D’ora in poi le onorificenze decadranno per tutti i defunti: questa la modifica apportata al regolamento attraverso un emendamento, approvato stamattina dal consiglio comunale e proposto dai consiglieri di maggioranza.
Durante il ventennio l’isola di Ustica fu luogo di confino dove furono inviati numerosi antifascisti, tra cui Antonio Gramsci.
“Ciò mette fine alle artificiose polemiche e colma definitivamente un vuoto del precedente regolamento“, scrivono i consiglieri di maggioranza.
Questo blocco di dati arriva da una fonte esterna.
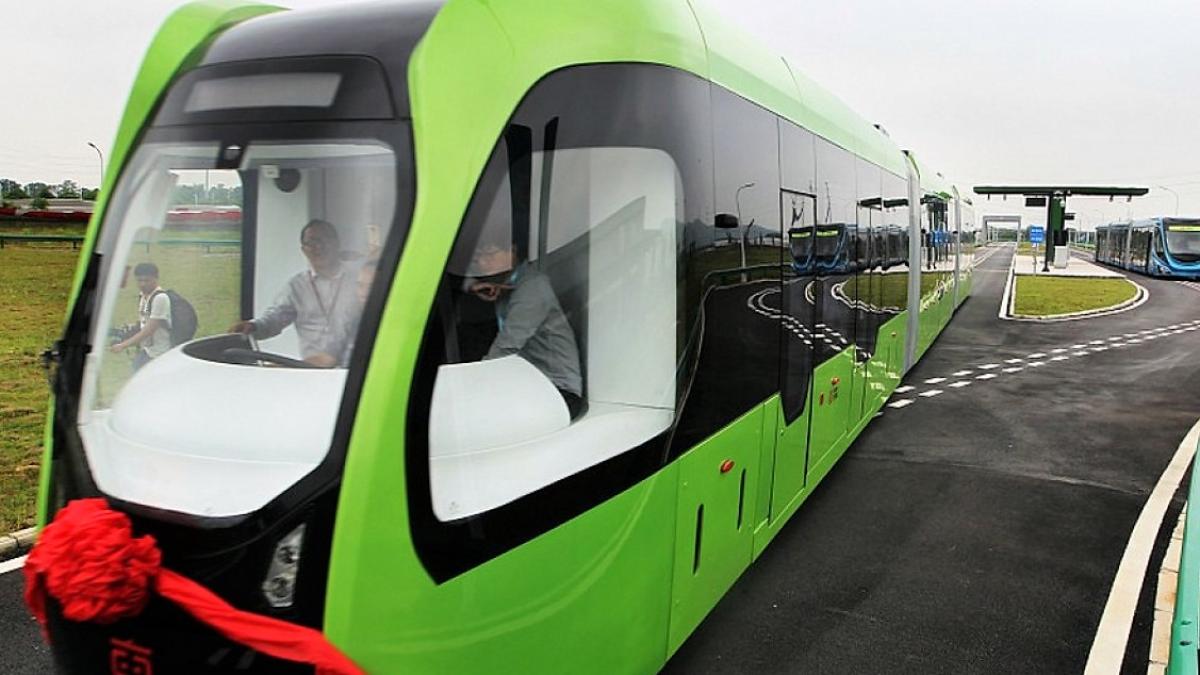 Tramvaiul fără șine, fără vatman. Dar circulă VIDEO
“Ci aspettavamo da parte del gruppo di minoranza – hanno ammesso – una presenza più collaborativa ed efficace ma, ancora una volta, prendiamo atto degli atteggiamenti guerrafondai ed inutilmente trionfalistici dimostrando scarso senso civico e fair play preferendo discutere e affrontare gli argomenti con frasi urlate e strombazzate sui media o i social al fine di raccattare qualche consenso in più per avere più visibilità e, di fatto, astenendosi quando avrebbero dovuto o potuto essere d’accordo“.